▸ **DATASET RECORDS**
-=-=-

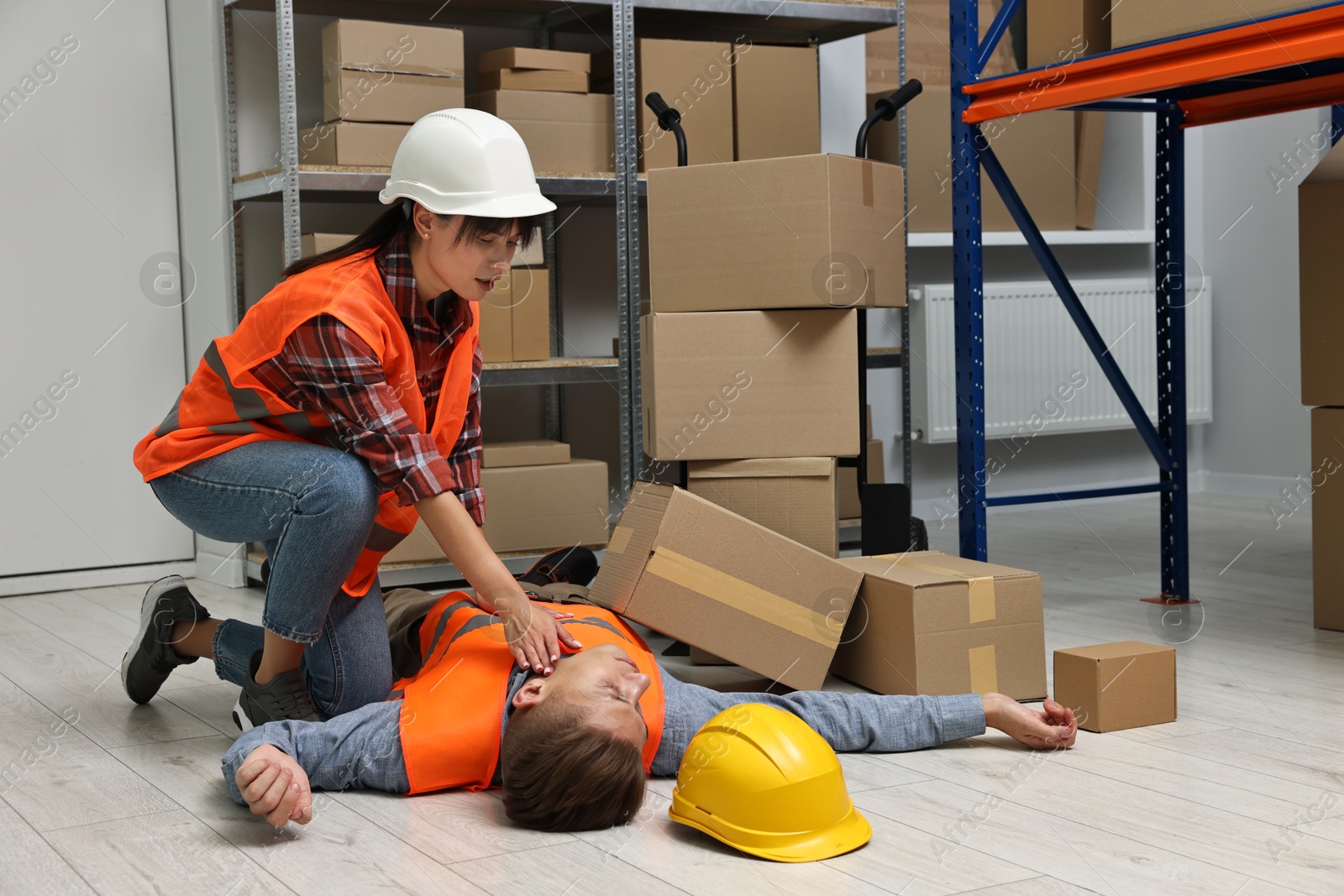 Photo of Accident at work. Woman checking pulse of her unconscious colleague in warehouse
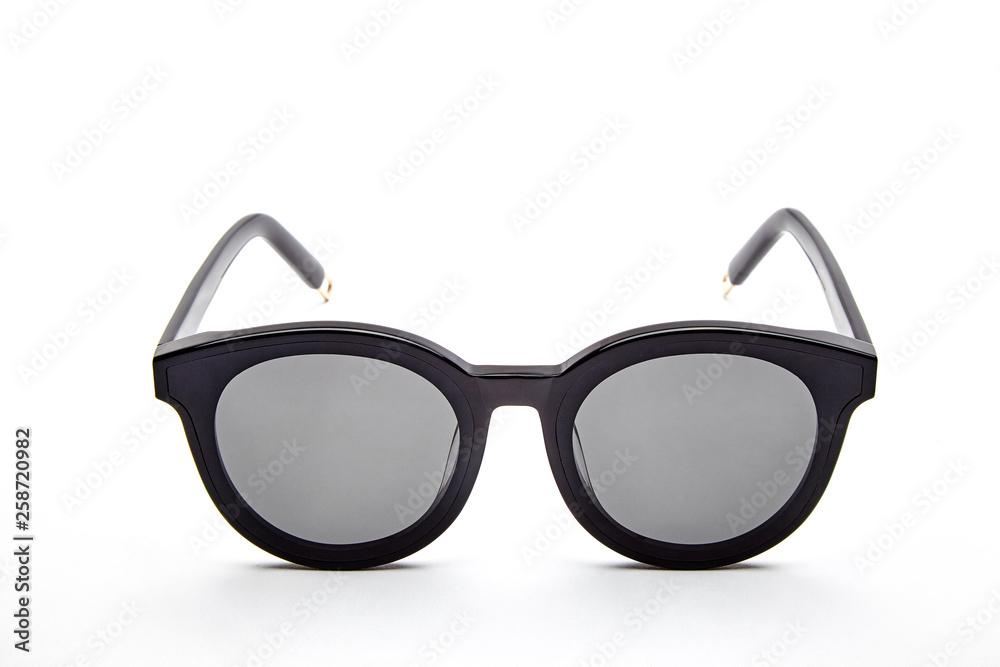 Black framed sunglasses on white background Black framed sunglasses on white background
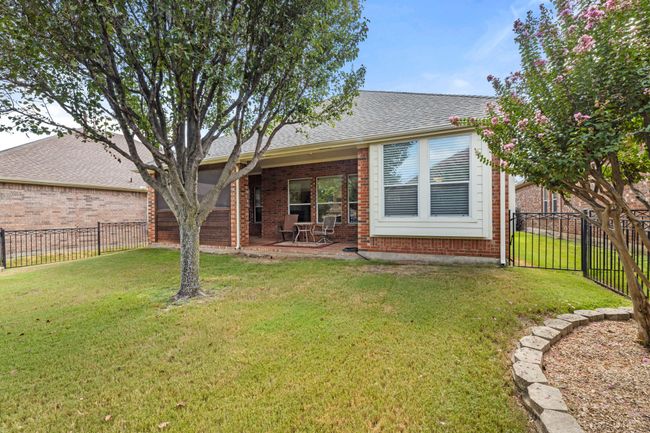 Rear view of house with brick siding, roof with shingles, and a patio | Image 24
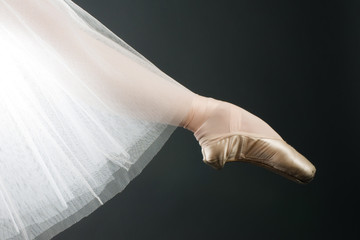legs in ballet shoes on a black backgrounde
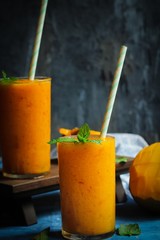 Mango Peach frozen drink or smoothieserved in tall glass, selective focus
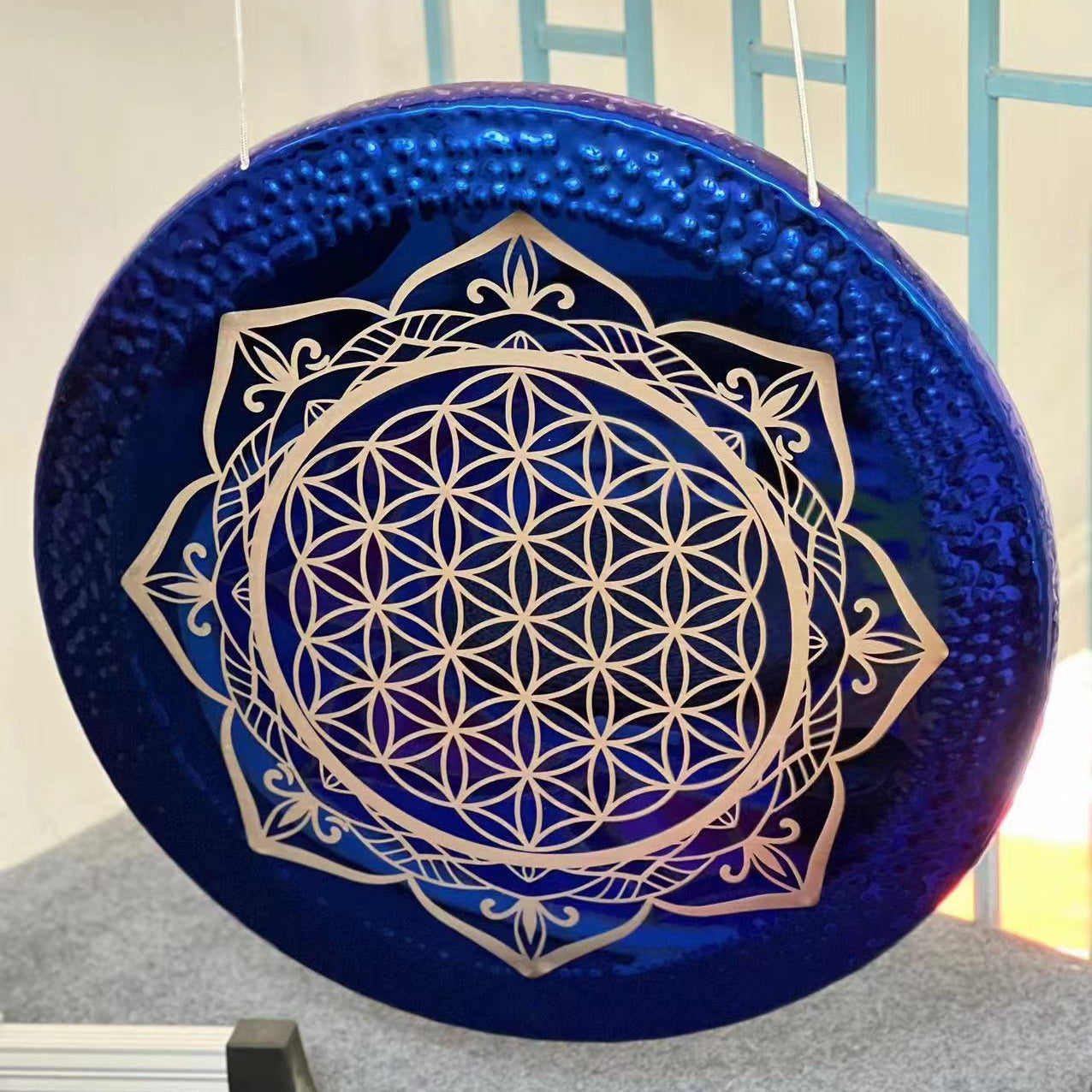Circular blue drum with silver Flower of Life mandala design for sound healing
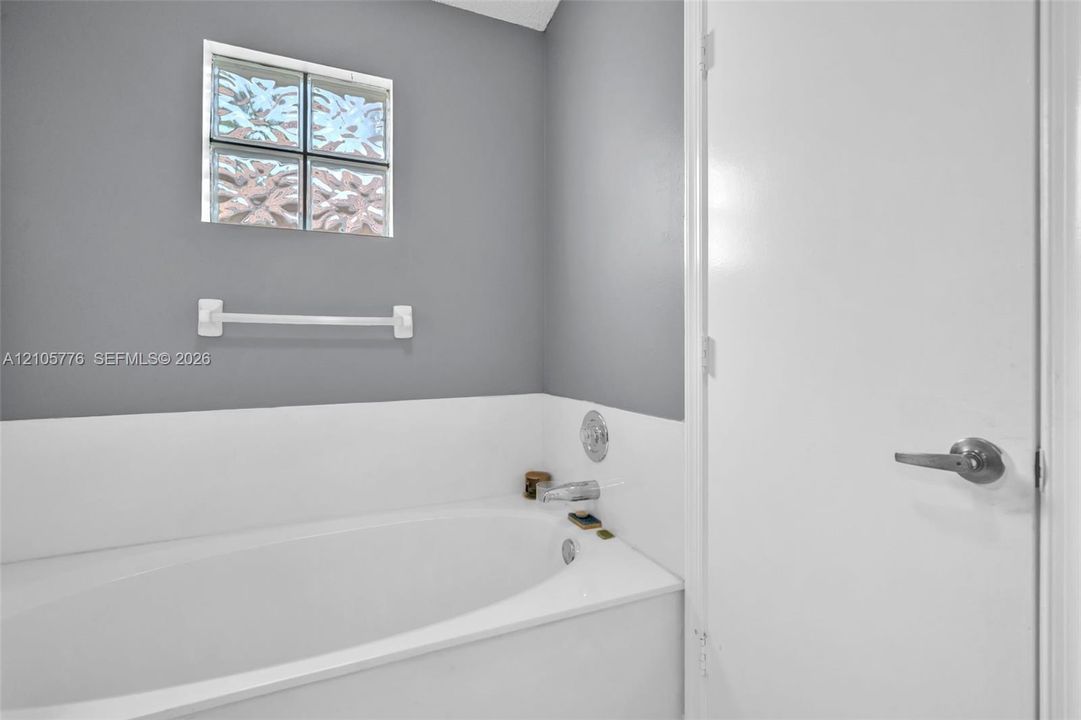 Built-in soaking tub with a white surround, glass block window, chrome faucet fixture, and mounted towel bar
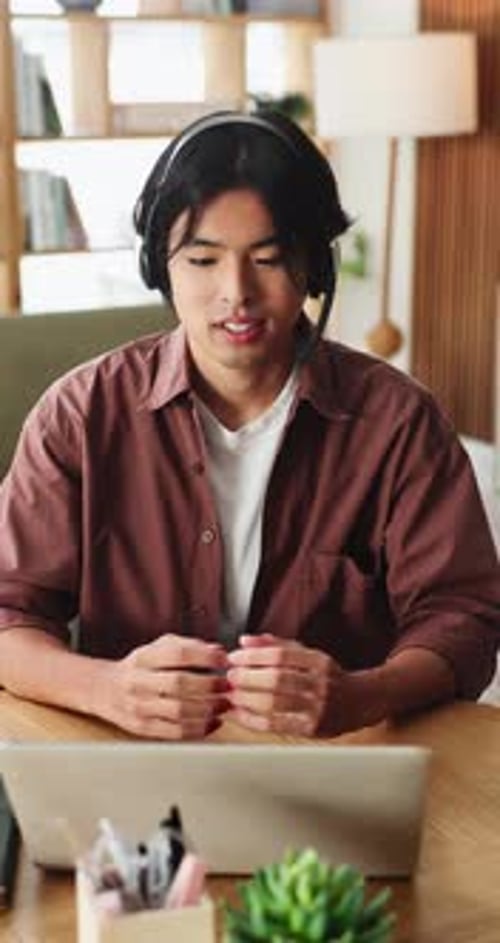 Young Man Attending Virtual Meeting at Wooden Desk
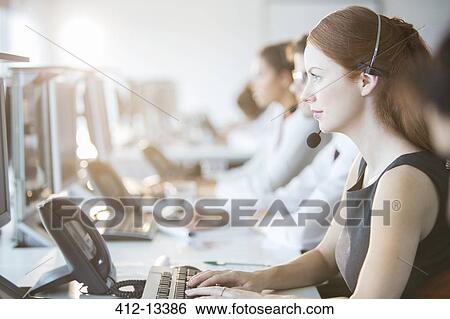 Stock Photograph - Businesswoman wearing headset in office. Fotosearch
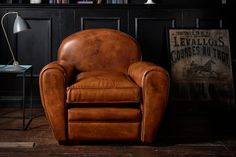 a brown leather chair sitting in front of a book shelf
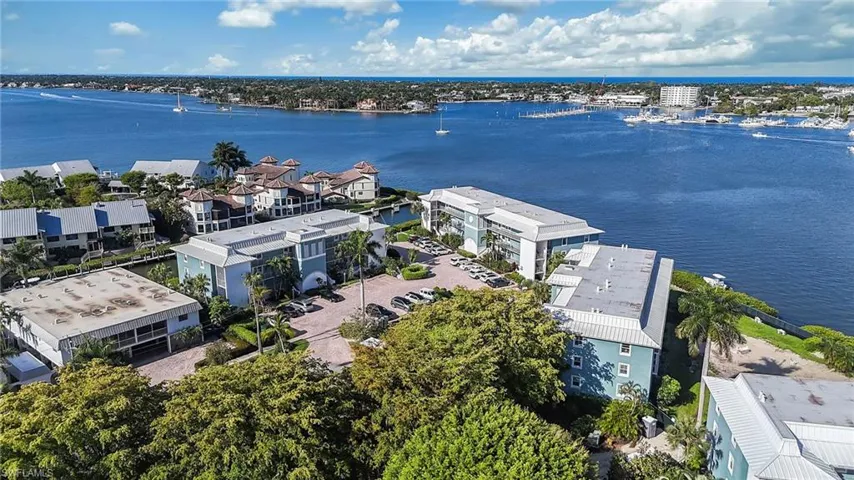 This property offers expansive water views and is situated in a vibrant waterfront community with nearby marinas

-=-=-

▸ **GOAL OF THE EXERCISE**
When you restate the listing above, give each line word for word but leave out every image.

▸ **RESULT OF THE TASK**
 Photo of Accident at work. Woman checking pulse of her unconscious colleague in warehouse
 Black framed sunglasses on white background Black framed sunglasses on white background
 Rear view of house with brick siding, roof with shingles, and a patio | Image 24
legs in ballet shoes on a black backgrounde
 Mango Peach frozen drink or smoothieserved in tall glass, selective focus
Circular blue drum with silver Flower of Life mandala design for sound healing
 Built-in soaking tub with a white surround, glass block window, chrome faucet fixture, and mounted towel bar
 Young Man Attending Virtual Meeting at Wooden Desk
 Stock Photograph - Businesswoman wearing headset in office. Fotosearch
 a brown leather chair sitting in front of a book shelf
 This property offers expansive water views and is situated in a vibrant waterfront community with nearby marinas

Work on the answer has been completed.